Will we ever fully understand the history of Nazism and the Holocaust without better understanding the cultural foundations that produced them? To this day, a cultural approach to understanding this history remains an almost taboo topic and still evokes a great deal of distress, denial, and resentment.

Classical music is one of the most informative cultural areas to examine because it was so closely tied to the regime, and because it serves reasonably well as a microcosm of society. Why did the Berlin and Vienna Philharmonics collaborate so strongly? Why were forty-seven percent of the Vienna Philharmonic’s members National Socialists, and why did so many belong to the party well before 1938 when it was still illegal in Austria? Why did the Vienna Phil give its highest award, the Ring of Honor, to the Gauleiter of Vienna, Baldur von Schirach, who was directly responsible for the deportation of 64,000 Austrian Jews to their deaths? Why did the Philharmonic re-issue the ring to the convicted war criminal Schirach in 1967 after it was lost during his 20 year incarceration in the Spandau Prison in Berlin? Why has the Philharmonic historically held the view that Asians would destroy the orchestra’s image of Austrian authenticity? Is this racist and correlated to Nazi concepts of racial and cultural purity? Why does the Philharmonic not have any fully Asian members to this day—something that sets it far apart form most every major orchestra in the world?
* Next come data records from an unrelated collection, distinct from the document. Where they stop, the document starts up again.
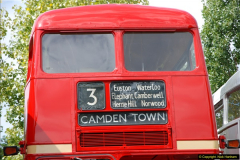 2014-07-13 Routemaster 60 @ Finsbury Park, London.  (412)412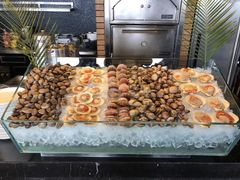 -唐拉雅秀酒店-西锦汇空中BBQ·思创餐厅
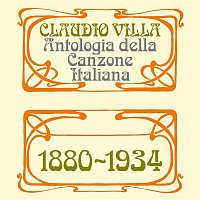 Přední strana obalu CD Antologia della Canzone Italiana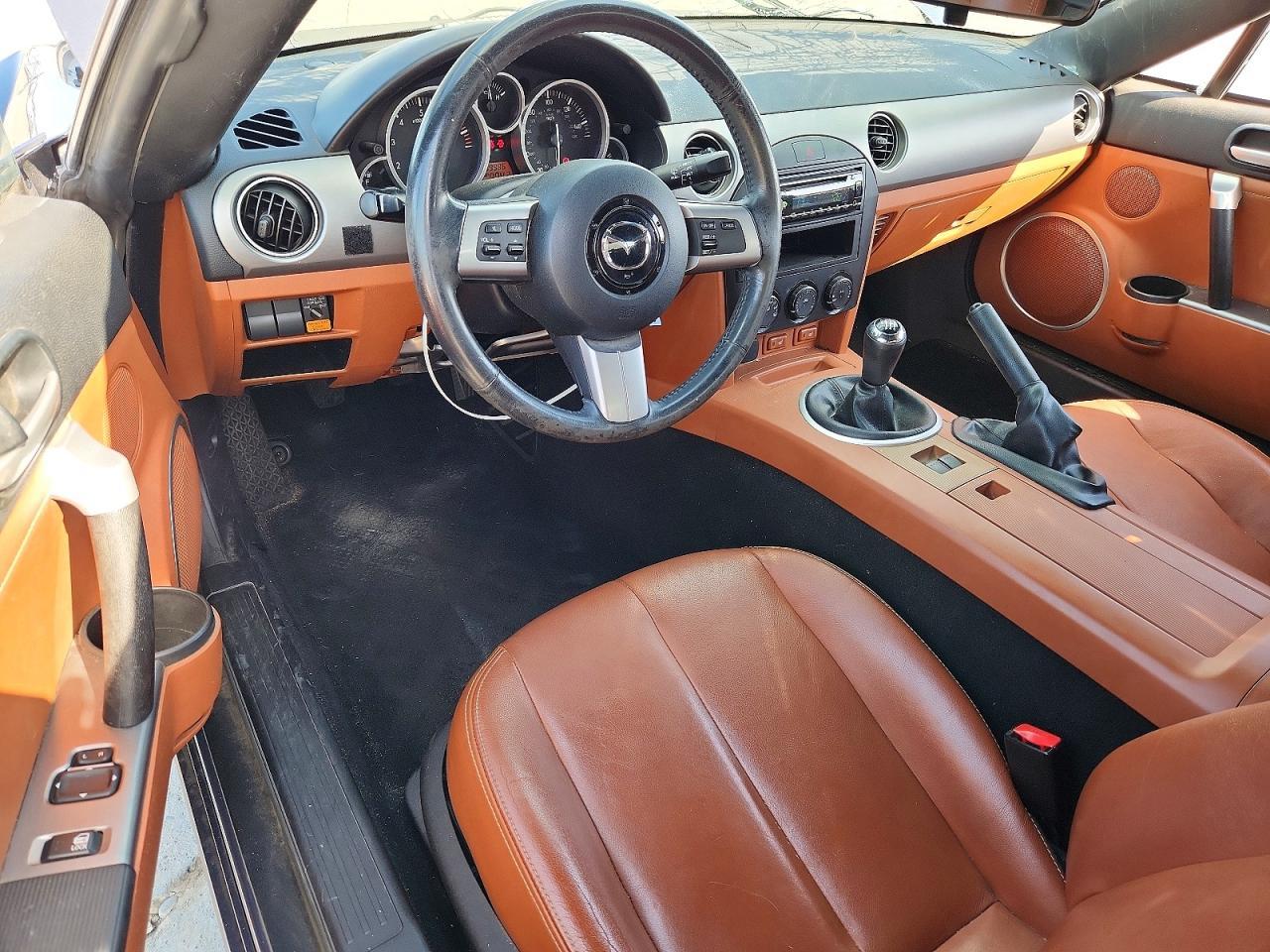 2007 MAZDA MX-5 Miata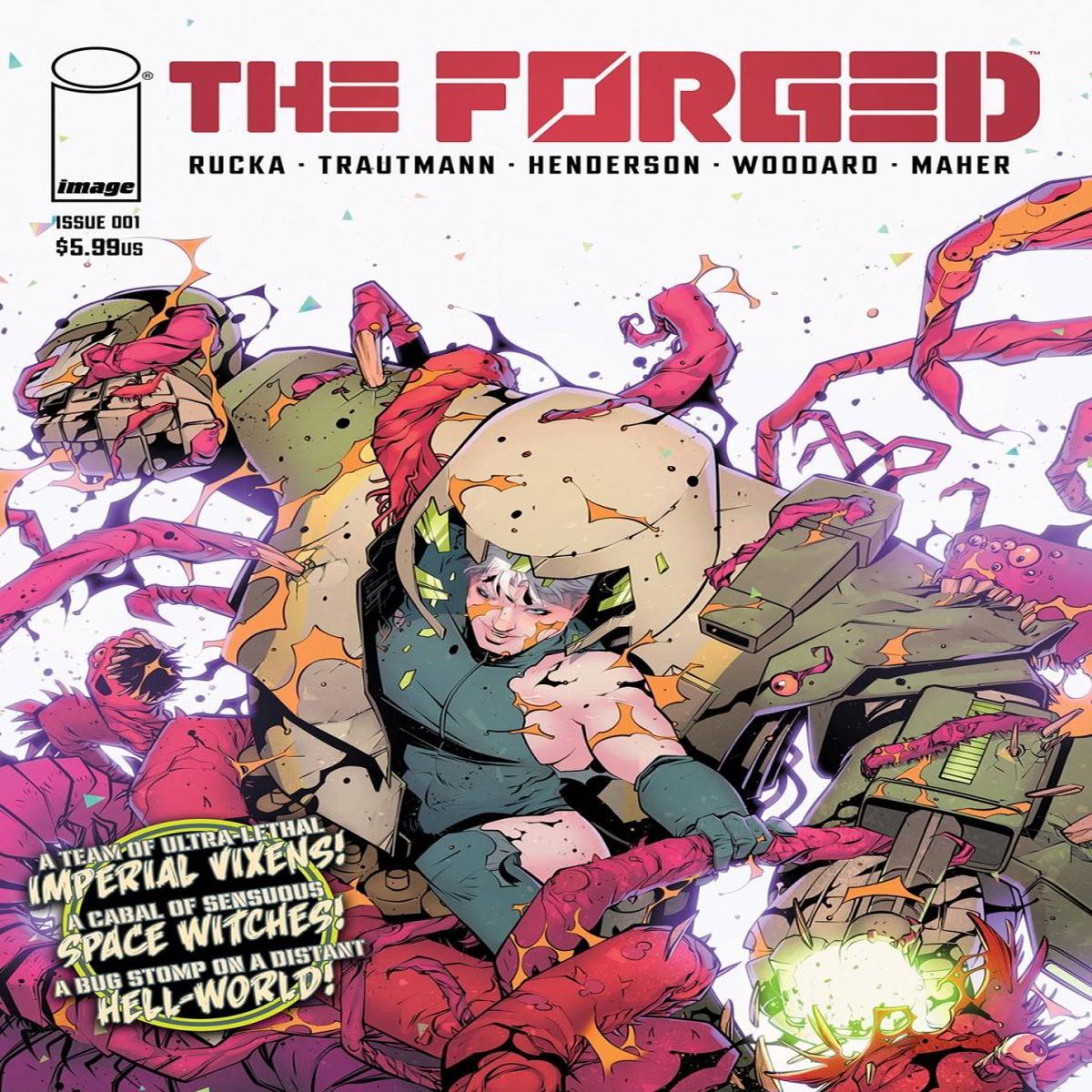 Forged #1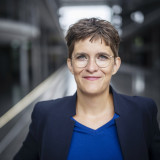 Anna Lührmann Portrait von Anna Lührmann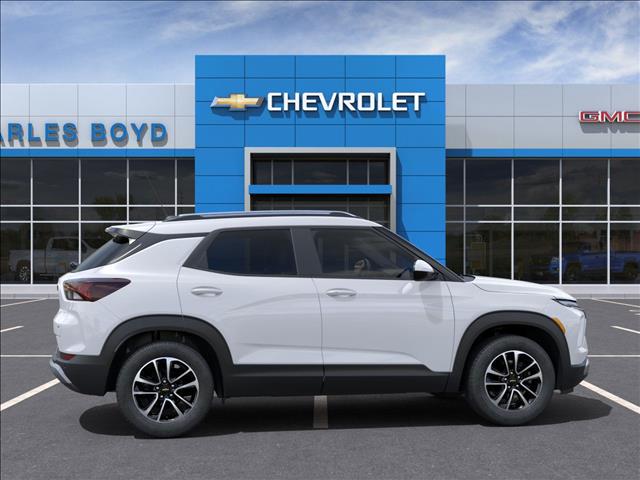 2025 Chevrolet Trailblazer FWD 4DR LT
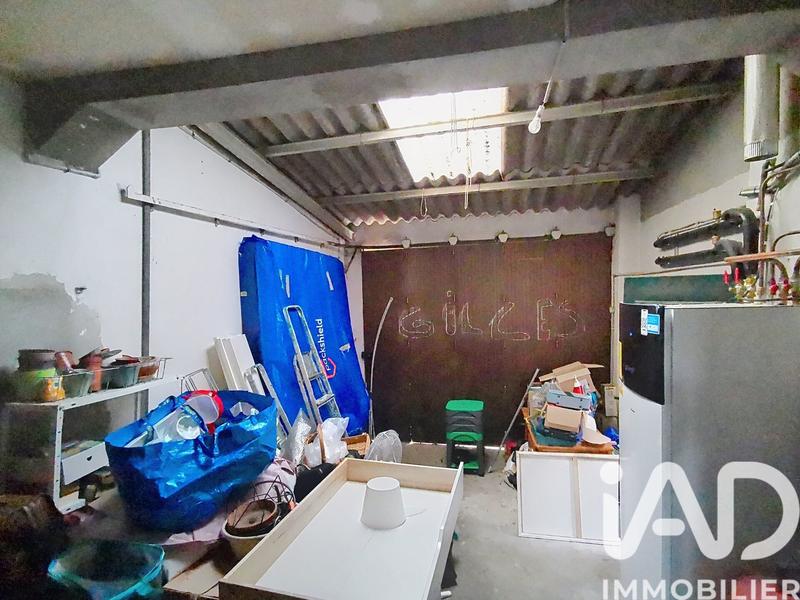 Maison de village - 136 m² - 4 pièces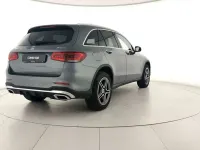 Usata Mercedes GLC200 Premium 163 CV (119 kW) 2022 Grigio metallizzato SUV
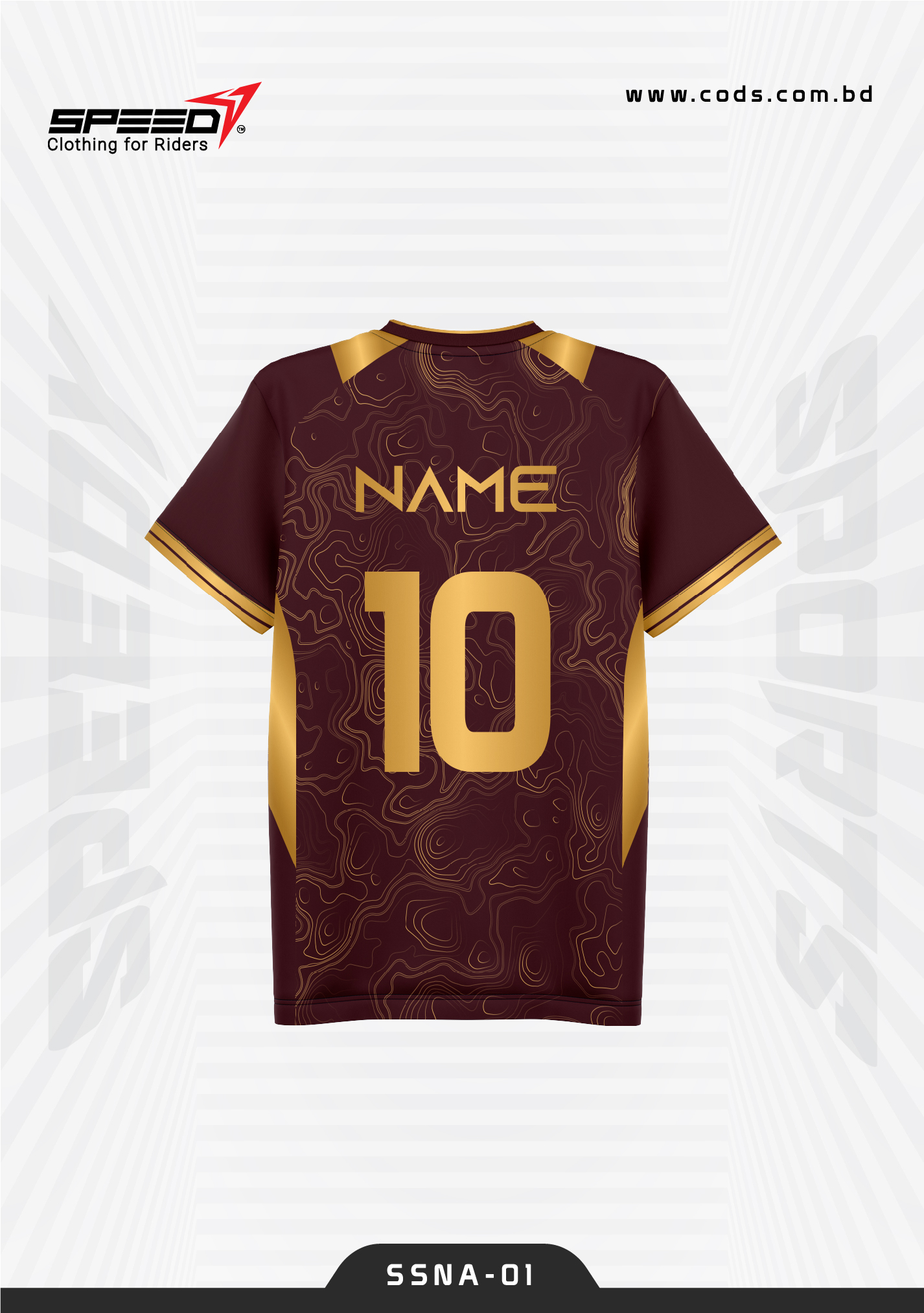 Polyester Short sleev T-Shirt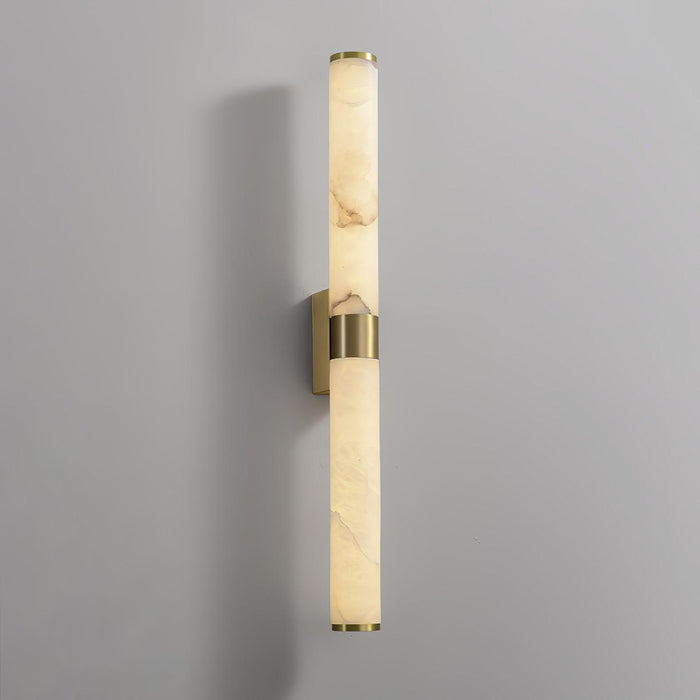 Line Alabaster Wall Light - Simprolos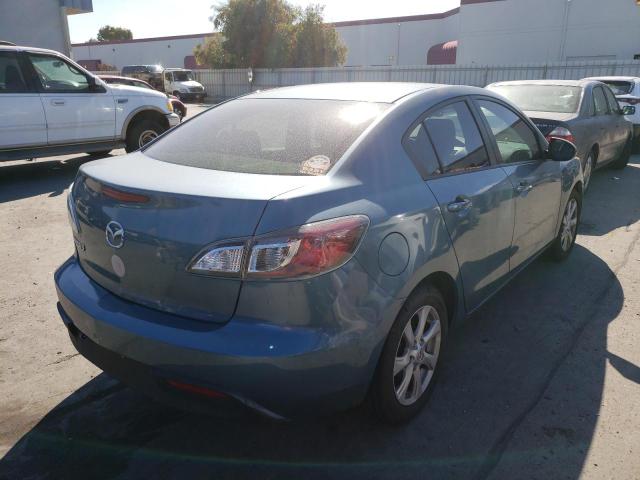 Photo 3 VIN: JM1BL1VG2B1490241 - MAZDA 3 I 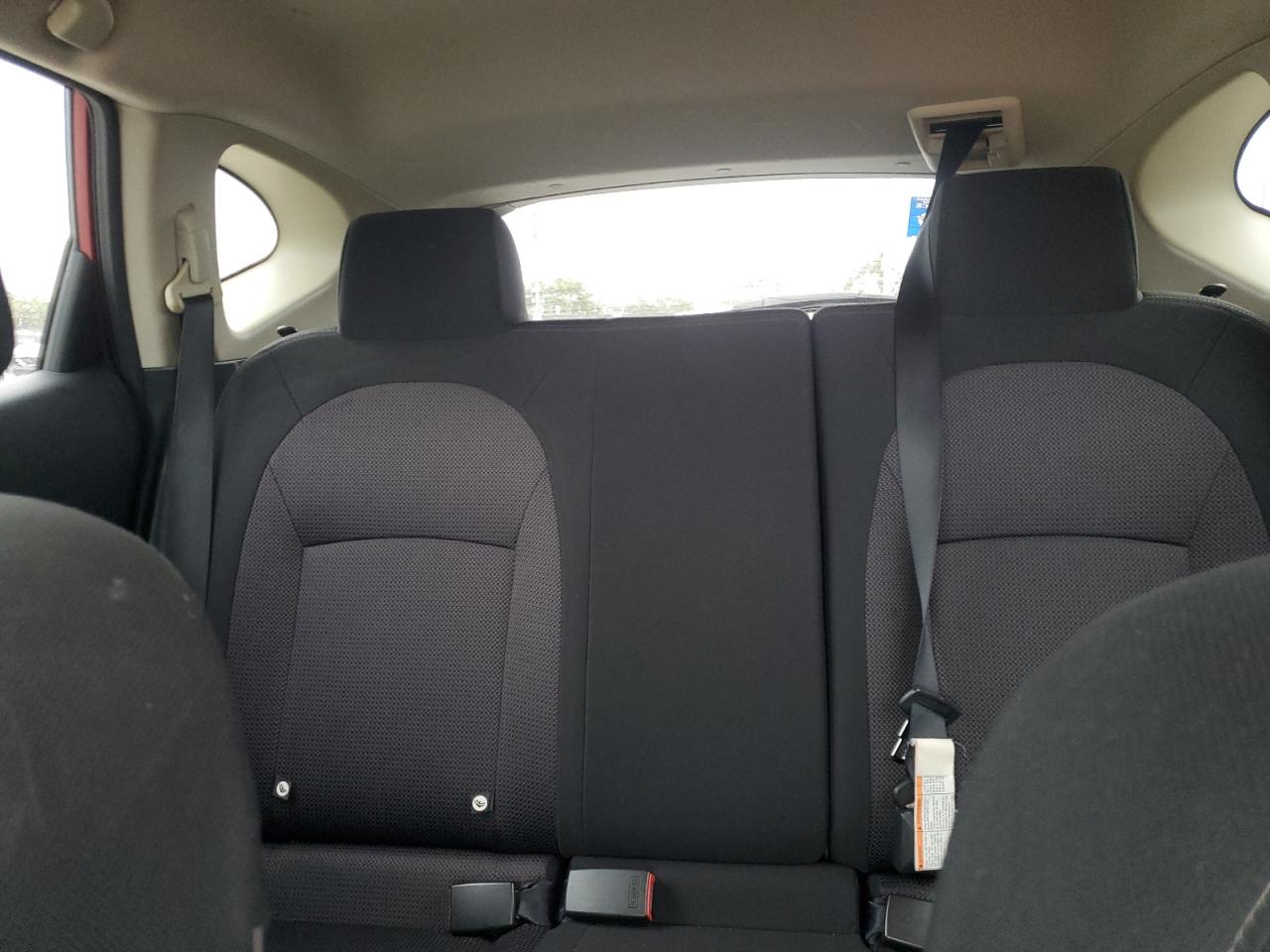 2011 Nissan Rogue VIN JN8AS5MT5BW167331 Copart auction photo, all over / mechanical damage thumbnail 10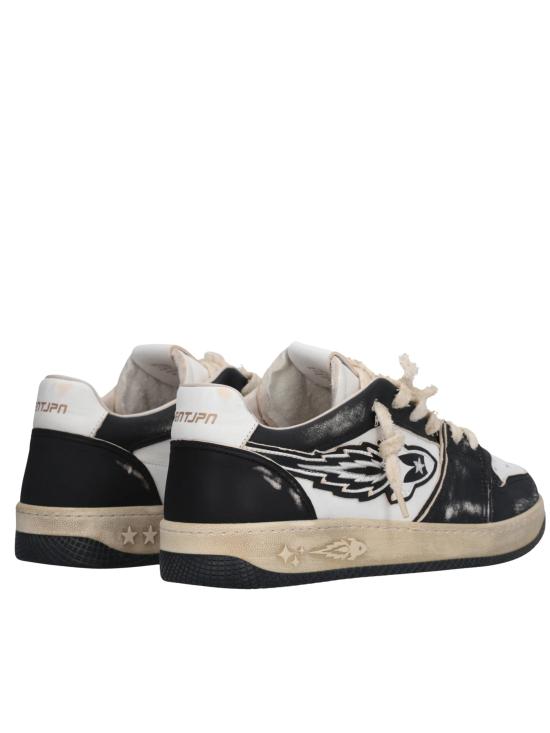 25FW 엔터프라이즈 재팬 스니커즈 BG5003PX674 S3752 Black - ENTERPRISE JAPAN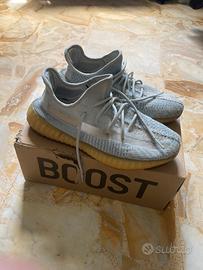 Adidas Yeezy Boost 350 V2 Cloud White - taglia 45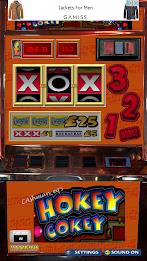 Hokey Cokey UK Slot Machine Screenshot 2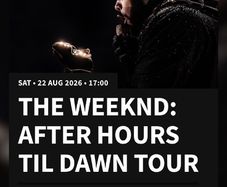 2 standing weeknd tickets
What is the correlation, and possible cause and effect, between this history and that the Austro-Bavarian region of Europe remains one of the strongest areas of hard right, far-right, and right-wing extremist thought in Europe? How did this cultural basis influence the rise of National Socialism (Nazism)? Are there cultural characteristics that caused Hitler refer to Munich as his spiritual home, and that allowed him to build the Nazi Party there?

Germany and Austria are paradigmatic for classical music. Can we gain insights into the nature of Western classical music by closely studying this cultural history? Or does classical music, as some insist, exist in a cocoon largely isolated from the world around it? Did this history shape some of values that shape the nature of our music, or is it a form of pure thought with only a limited social basis?